Lex Luthor is trying to talk, watching us with cold eyes that sizzle right through me. The remote is heavy in my hand. My brain is never still, never silent, opening up pathways I’ve never even imagined, as if the entire universe is right at my feet, and I should be planning my next move, laughing in glee at all of the plans I have for Metropolis, for the world, for places so much bigger than the island we all thought we wanted.

Only…only Superman is still standing there, looking at me, telling me just how bad being different is--and he’s the one who’s seen the universe. He’s the one who’s come from galaxies away and flown here to make a new home, the one who has the entire world clamoring for his attention, who has a key to the city and a charitable organization named after him and the spotlight always on him.

And he still looks sad.

“I’m not Superman,” Clark Kent had said. “I wish I were.”
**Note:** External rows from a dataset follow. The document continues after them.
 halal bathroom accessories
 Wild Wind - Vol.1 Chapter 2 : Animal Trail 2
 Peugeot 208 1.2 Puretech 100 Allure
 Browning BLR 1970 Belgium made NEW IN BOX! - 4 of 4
But Superman wishes he was ordinary.

It’s a dilemma maybe more complex than even this Mentamide 6 can unravel. A puzzle I can’t quite wrap my head around. Because an ordinary man wants to be extraordinary, and a super man wants to be normal. It doesn’t make sense.

But then, maybe a kid wanting to be an adult doesn’t make sense either. I don’t know anymore. Everything’s so confusing and mixed up, rocketed back and forth between extraordinary intelligence and ordinary thoughts.
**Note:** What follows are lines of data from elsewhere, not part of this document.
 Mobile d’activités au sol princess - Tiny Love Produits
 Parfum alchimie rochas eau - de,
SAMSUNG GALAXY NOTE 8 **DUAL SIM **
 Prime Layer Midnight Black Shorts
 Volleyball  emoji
“Different is wishing you weren’t,” Superman says, and then he stops.

And Luthor can talk all he wants, Superman can show me as many parks and kites as there are in the world, but I already know what my decision is. It’s not the smart one or the obvious one or the one Luthor thinks I’ll make. It’s not even the one *I* would have thought I’d make.

But Superman knows what he’s talking about (and Clark Kent was lying), and I don’t want to be different anymore.

So I make the *right* choice.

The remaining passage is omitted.